Models aren't trained across their context, their context is their short term memory at runtime, right? Nothing to do with training. They are trained on a static dataset.
If your model only ever sees 8K token samples during training, it won’t be as good at 128K context length than if you had trained on samples from 8 to 128
When you train, you teach the model to, among other things ‘self attend’ to the input vector, ultimately projecting that vector into a large embedding space.
Thought experiment —- if 99% of the time the last 100,000 digits of your vector was zero, how likely is it that you’d have high quality embedding trained by doing gradient descent on those outputs?
That’s what the paper is referring to.
I noticed that the longer a chat gets, the more unpredictable the models behavior becomes (and I think that's still a common jailbreak technique too).
(I think it might also have something to do with RoPE, but that's beyond me.)
or lets say it differently: The LLM gets trained on static data but also on the capability of handling context in itself.
Kimi introduced this https://github.com/MoonshotAI/Attention-Residuals but i'm pretty sure closed labs like Google had something like this for a while.
Shockingly, we seem to have found a self attention mechanism of that quality, it just has the sad property of growing at O(N^2) where N is the context length.
Nvidia uses ML for finetuning and architecturing their chips. this might be one use case.
Another one would be to put EVERYTHING from your company into this context window. It would be easier to create 'THE' model for every company or person. It might also be saver than having a model train with your data because you don't have a model with all your data, only memory.
But maybe that’s enough tokens to feed an entire lifetime of user behaviour in for the digital twin dystopia?

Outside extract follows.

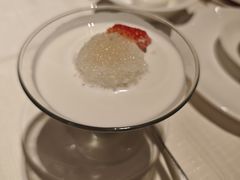 -金苑海鲜酒家(来魅力店)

Current approaches require fancy tricks to fit tokens into memory, and spread attention thinner over larger numbers of tokens. The new approach tries to find a way to keep everything in a single shared memory, and process the tokens in parallel using multiple GPUs
I know Yann LeCun is trying to do a completely different architecture and I think that's expected to take 2-3 years before showing commercial results, right? Is that why they're finding it quicker to change the hardware?
Yann LeCunn has been very wrong in the past about LLMs.[0] The approach he wants to take is to train using sensor data in the physical world. I think it's going to fail because there's near infinite amount of physical data down to Schrodinger's equation on how particles behave. There's too much signal to noise. My guess is that they'll need magnitudes more compute to even get something useful but they do not have more compute than OpenAI and Anthropic. In other words, I think LLMs will generate revenue as a stepping stone for OpenAI and Anthropic such that they will be the ones who will ultimately train the AI that LeCunn dreams of.
[0]https://old.reddit.com/r/LovingAI/comments/1qvgc98/yann_lecu...
People, Researcher, Investor etc. probably also want to see what would be possible and someone has to do it.
I can also imagine, that an inferencing optimized system like this could split the context for different requests if it doesn't need to use the full context.
Could also be that they have internal use cases which require this amount of context.